Voxel51 Integration

The integration between V7 and Voxel51 allows for maximising value from data and annotation efficiency, while decreasing data volumes. Users can curate and improve datasets, easily annotate and reannotate data, and transfer it seamlessly between the platforms.

Key Benefits of the Integration

Dataset curation for smarter annotation

FiftyOne by Voxel51 is the leading open-source toolkit for building high-quality datasets and computer vision models, and helps to visualise, curate, manage, and QA data, and automate the workflows that support enterprise machine learning. FiftyOne will help users identify the most relevant samples from datasets to send to V7 for annotation. It does this by providing a variety of tools and workflows to:

  • explore and balance your datasets by class and metadata distribution
  • visualize, de-duplicate, sample, and pre-label your data distributions using embeddings
  • perform automated pre-labeling with off-the-shelf or custom models

These workflows enable the creation of diverse, representative data subsets while minimizing data volume—getting you the most out of your annotation budget and boosting model performance.

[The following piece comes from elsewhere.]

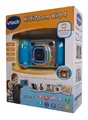 VTECH KidiZoom Kid 4 Kinderkamera Blau/Gelb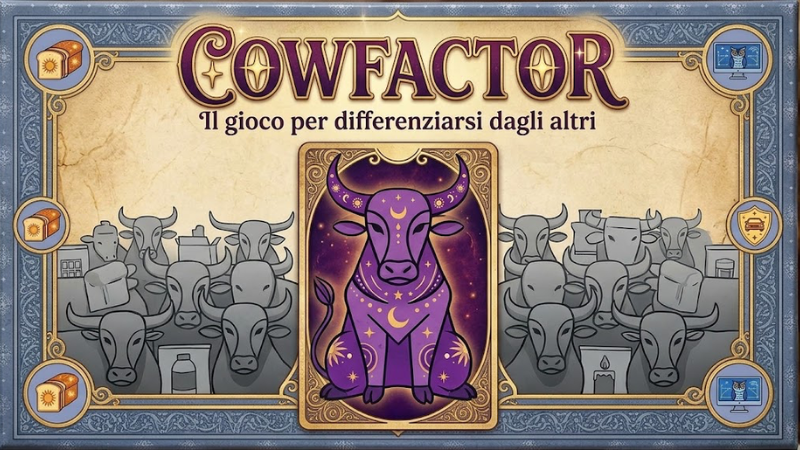 Copertina gioco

Dataset improvements for model fine-tuning and evaluation

This integration clears the way for efficiently optimizing and augmenting existing datasets to boost model performance even further.

FiftyOne enables powerful image and object-level annotation review and QA workflows. The platform’s embedding visualization, compatible with off-the-shelf and custom models, can be used to help analyze the quality of the annotations and the dataset—to weed out mistakes and find areas for improvement.

By adding model predictions to a dataset for comparison with ground truth, or using the built-in similarity search features and vector database integrations, you can identify the difficult samples with targeted precision and pinpoint inaccurate annotations. FiftyOne’s sample- and label-level tags, as well as saved views, make it easy to mark samples for reannotation back in V7.

Seamless data transfers and support for all data formats

Data can be easily sent back and forth between Voxel51 and V7 via an API—to reduce the time and effort needed for transfers and ensure top data security. The integration will allow for seamless conversion of all data formats, retaining all existing annotations (including labels made in other tools).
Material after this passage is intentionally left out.